» **Exercise aim**:
All of the data below is to be repeated exactly, except for the pictures.

» **Information shown**:
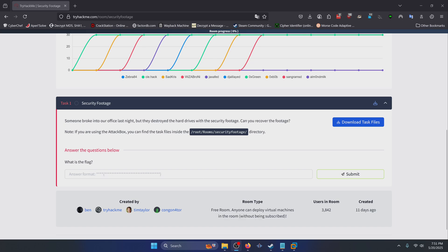The description of the task reads: someone broke into our office last night but they destroyed the hard drives with the security footage — can you recover the footage? Note: if you are using the attack box you can find the task files inside the root room security footage directory. We're not going to use the attack box to solve this.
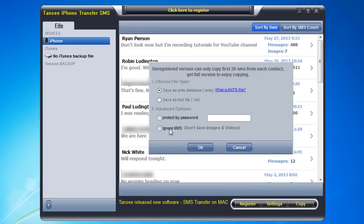And then if you don't want images, which to me, like I said, images are one of the more important things that I would want to back up. But if you don't want the images, you can check the box to ignore MMS.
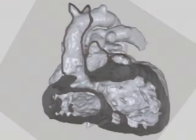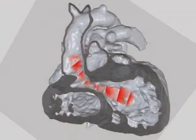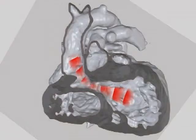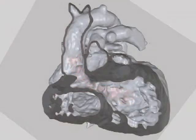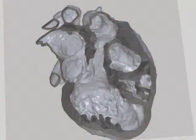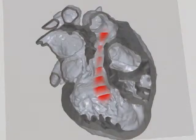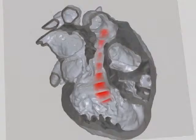By means of surgery, a patch forming a tunnel was inserted to lead the blood from the left ventricle to the aorta. This image shows a different cut through the heart. Again, we see the tunnel leading the blood from the left ventricle to the aorta.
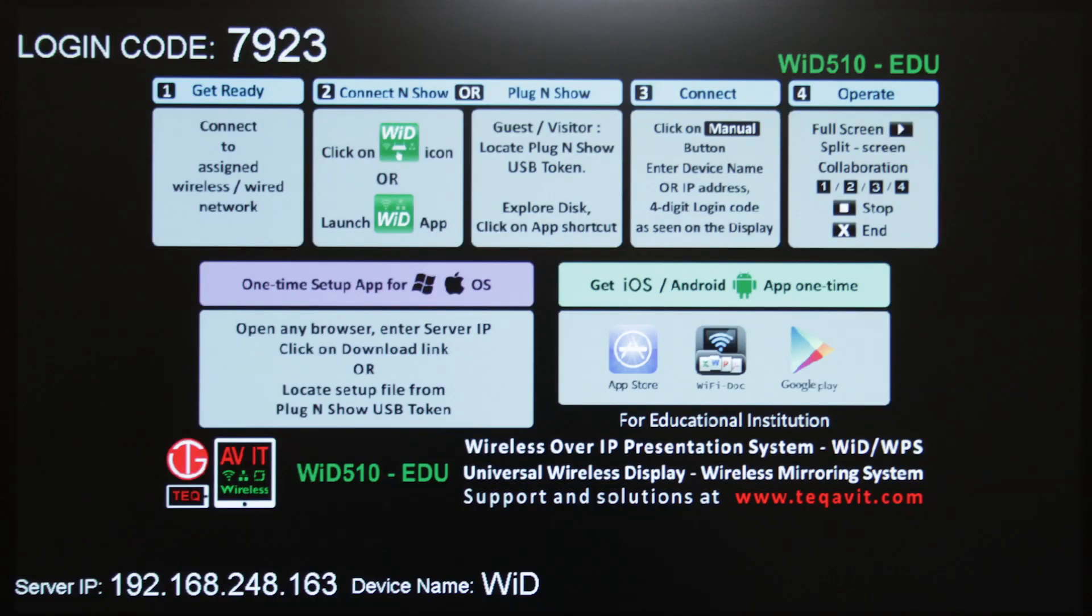From within the classroom or seminar room, if you are connecting for the first time, you will have two initial steps to get started. First, make sure that the TechAV Info Screen is being projected or displayed. The screen will look similar to this.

» **Response box**:
The description of the task reads: someone broke into our office last night but they destroyed the hard drives with the security footage — can you recover the footage? Note: if you are using the attack box you can find the task files inside the root room security footage directory. We're not going to use the attack box to solve this.
And then if you don't want images, which to me, like I said, images are one of the more important things that I would want to back up. But if you don't want the images, you can check the box to ignore MMS.
By means of surgery, a patch forming a tunnel was inserted to lead the blood from the left ventricle to the aorta. This image shows a different cut through the heart. Again, we see the tunnel leading the blood from the left ventricle to the aorta.
From within the classroom or seminar room, if you are connecting for the first time, you will have two initial steps to get started. First, make sure that the TechAV Info Screen is being projected or displayed. The screen will look similar to this.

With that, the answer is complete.